_TRY IT:_ When the line with "If you would" turns up below, begin repeating exactly, and carry on through the line with "Now up here"; no pictures go into the copy.

_Saved entries:_
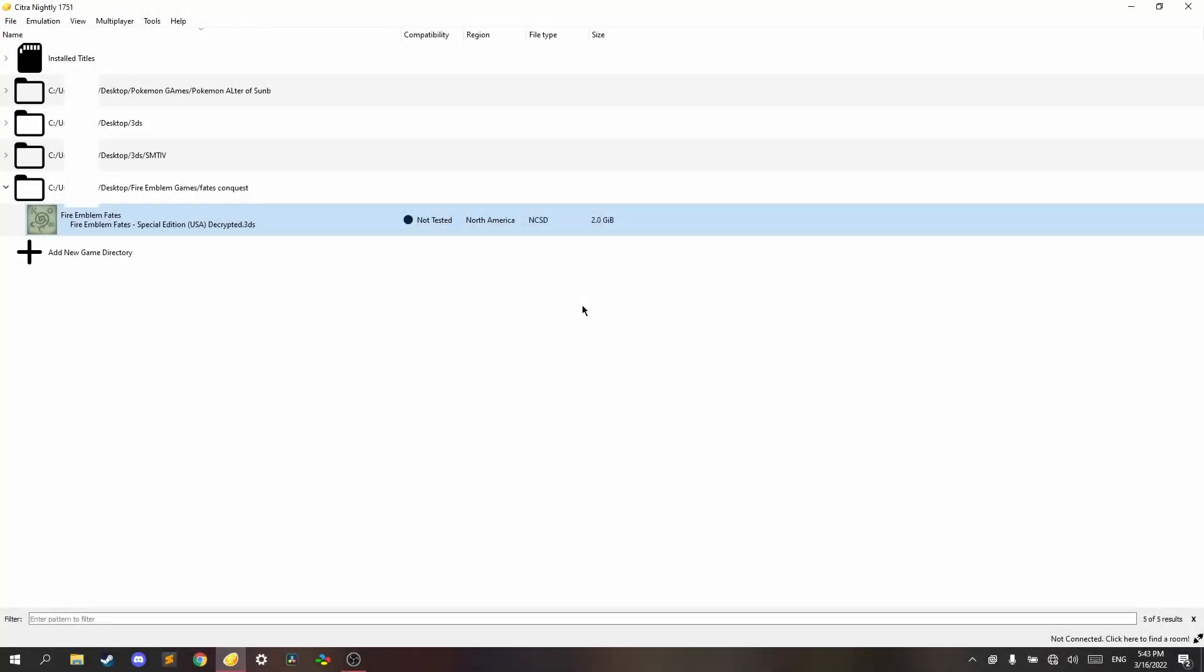Alright, let's do this. First of all, you want to get a .3ds file of Fire Emblem Fates. Special edition works best because that way you get to randomize all the characters. I'm not going to tell you where to get it, but it should be easy enough. Just search online on Google.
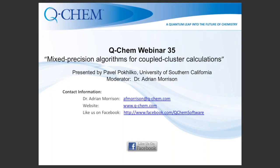Good morning, everyone. My name is Dr. Adrian Morrison. I'm a research scientist at QCAM in Pleasanton, California. It's my great pleasure today to have Pavel Pohilko from the University of Southern California introducing a new feature that will be in QCAM 5.2, which will be out in a few weeks: mixed precision algorithms for coupled cluster calculations.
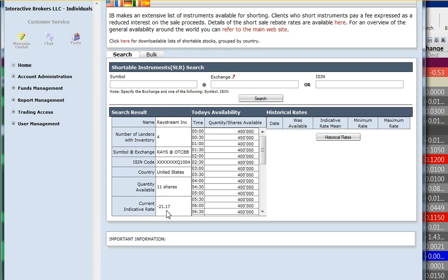But this does change over time. So if you short it today, you're not going to be paying this rate for the rest of the year. You're going to be paying whatever the daily rate is.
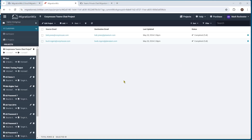That concludes this session on private chat migration for Teams. Please refer to those help desk articles if you need any other information, or log a support ticket with the BitTitan team. I do hope that was useful in presenting this new project type inside the MigrationWiz tool. Thank you very much.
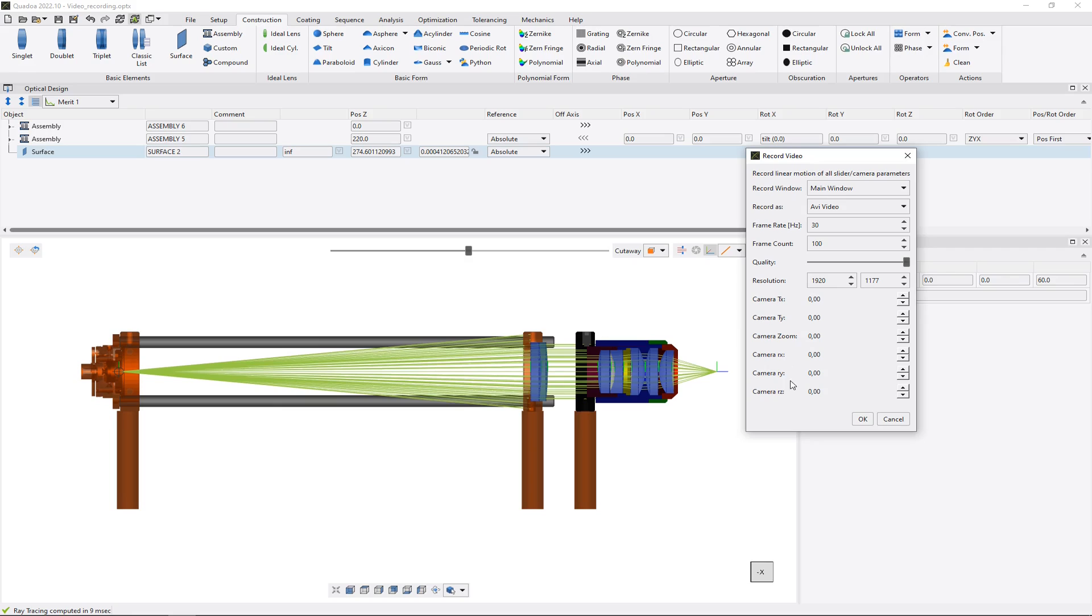And RX, RY and RZ means that the camera will rotate around the X axis, the Y axis or rotate around the Z axis. In my case I would like to have a rotation about 360 degrees about the Y axis.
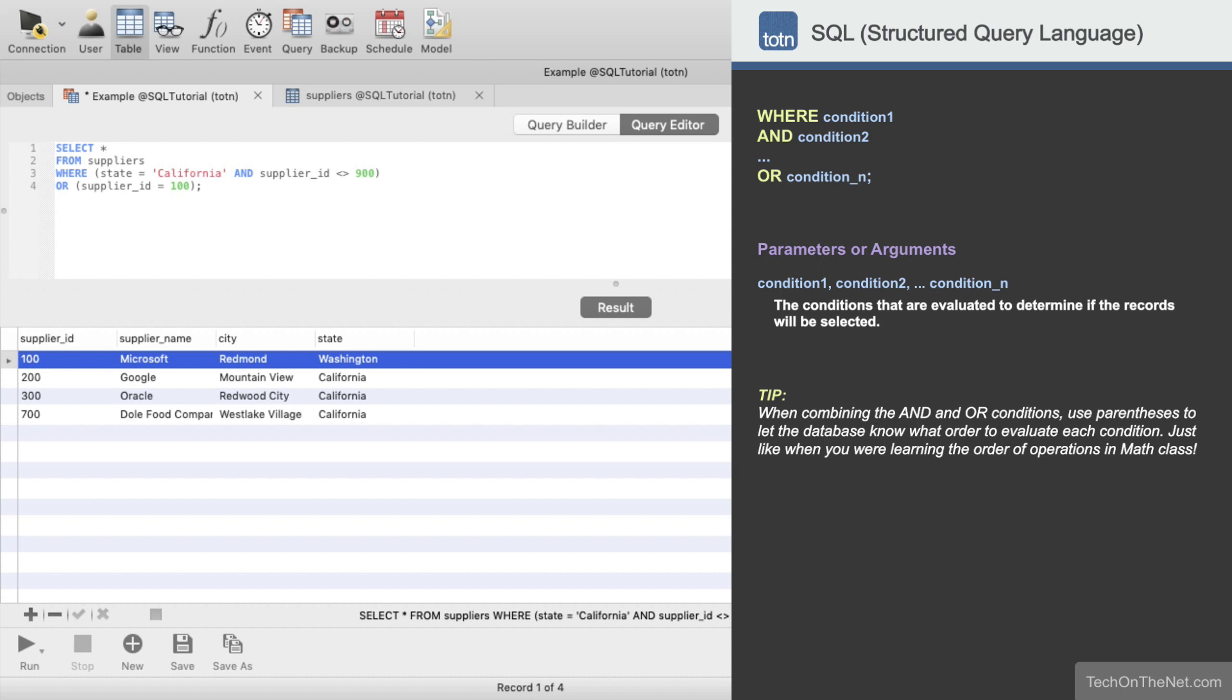If you would like to see more examples or would like to download the sample data we used for this tutorial, please visit our website at techonthenet.com. You can also try the examples in our SQL editor on our website. Look for the TRY IT button next to each example.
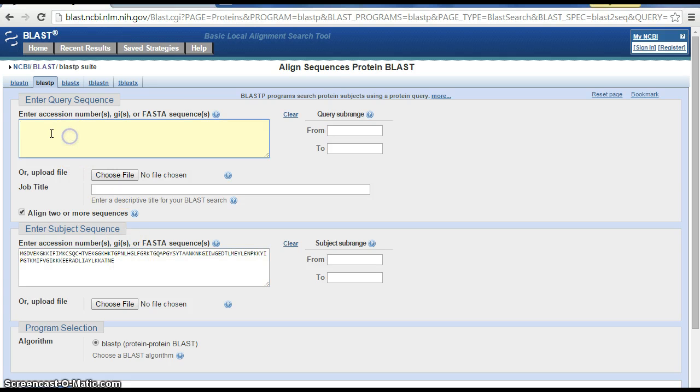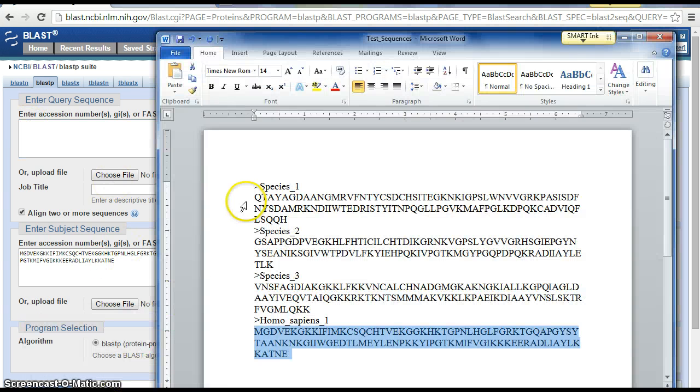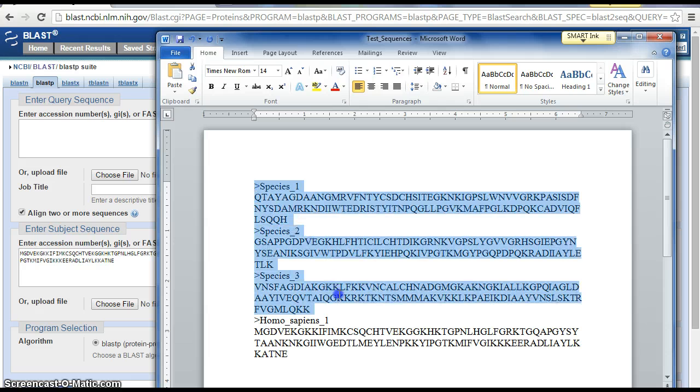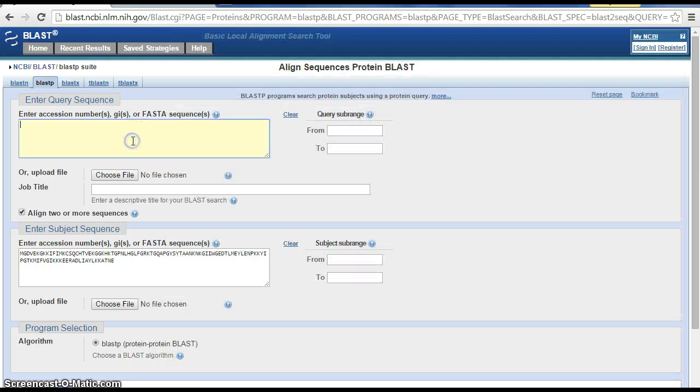Now up here is all of the sequences we want to compare to Homo sapiens. What we want to do is grab all of these species - species one, two, and three - and copy and paste everything in here.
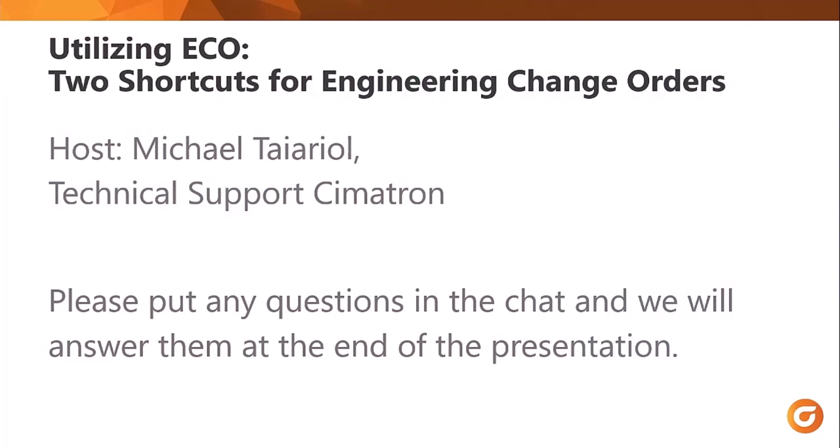Welcome to our Symmetron webinar. My name is Michael, and I work in tech support at Symmetron. Today we're going to look at utilizing ECO. We're going to look at replace master, and then a technique I use when the job is further along and replace master is not a practical tool to use. Please put any questions in the chat and we'll answer them at the end of the presentation.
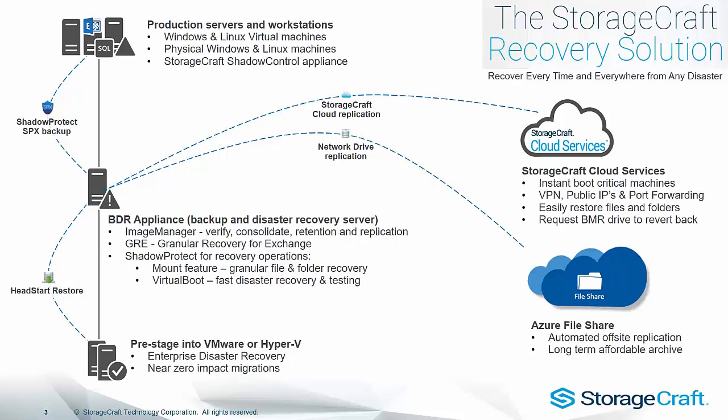You know, storing a copy of those backup images for a longer period of time. Obviously, with the StorageCraft cloud, it's tailored for DR, and generally the retention's going to be within the days, weeks, or short term of months. So yeah, Azure File Share is really giving that longer-term affordable archive of those backup images.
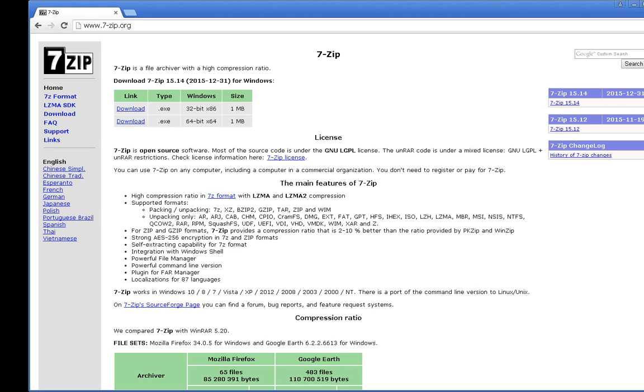In this video, I'm going to demonstrate using 7-Zip to encrypt a file. This can be useful when sending confidential information over the internet. Only the person with the password can open the file. The person receiving the file will also need 7-Zip installed.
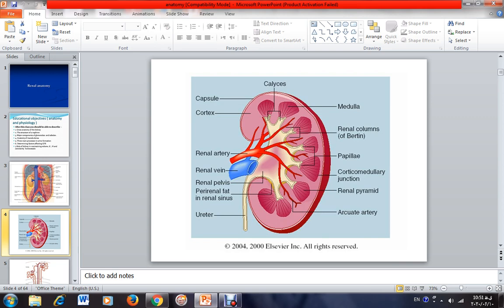In this slide, you can see a cross-section of the kidney and the gross anatomy of it. You can see these structures without a microscope. Each kidney has a capsule which surrounds it. If this capsule is stretched, it can cause severe pain because it has nerve endings. So the major cause of pain in some of the renal diseases is stretching of this capsule.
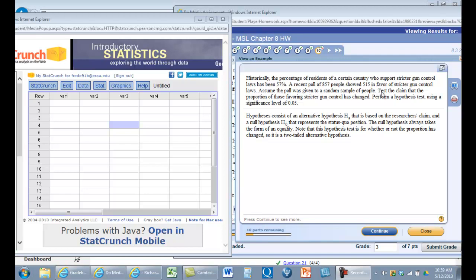And we're going to evaluate the claim that the proportion has changed. And so our null hypothesis is going to be that the proportion is 57%.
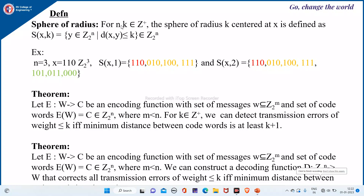We start with the definition of sphere of radius k. For n and k belonging to Z+, the sphere of radius k centered at x is defined as S(x,k) = { y ∈ Z₂ⁿ : distance(x,y) ≤ k }. So here, if x is a binary message of length n, then y will also be a binary message of length n whose distance from x is at most k — meaning it could be 0, 1, 2, up to k. That is the meaning of sphere of radius k.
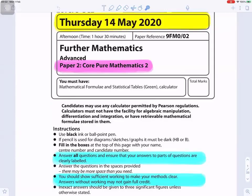For the mathematics, Core Pure Mathematics Paper 2, Thursday 14 May 2020. Answer all questions and ensure that your answers to parts of questions are clearly labeled. You should show sufficient working to make your methods clear. Answers without working may not gain full credit.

_RESPONSE AREA:_
If you would like to see more examples or would like to download the sample data we used for this tutorial, please visit our website at techonthenet.com. You can also try the examples in our SQL editor on our website. Look for the TRY IT button next to each example.
Now up here is all of the sequences we want to compare to Homo sapiens. What we want to do is grab all of these species - species one, two, and three - and copy and paste everything in here.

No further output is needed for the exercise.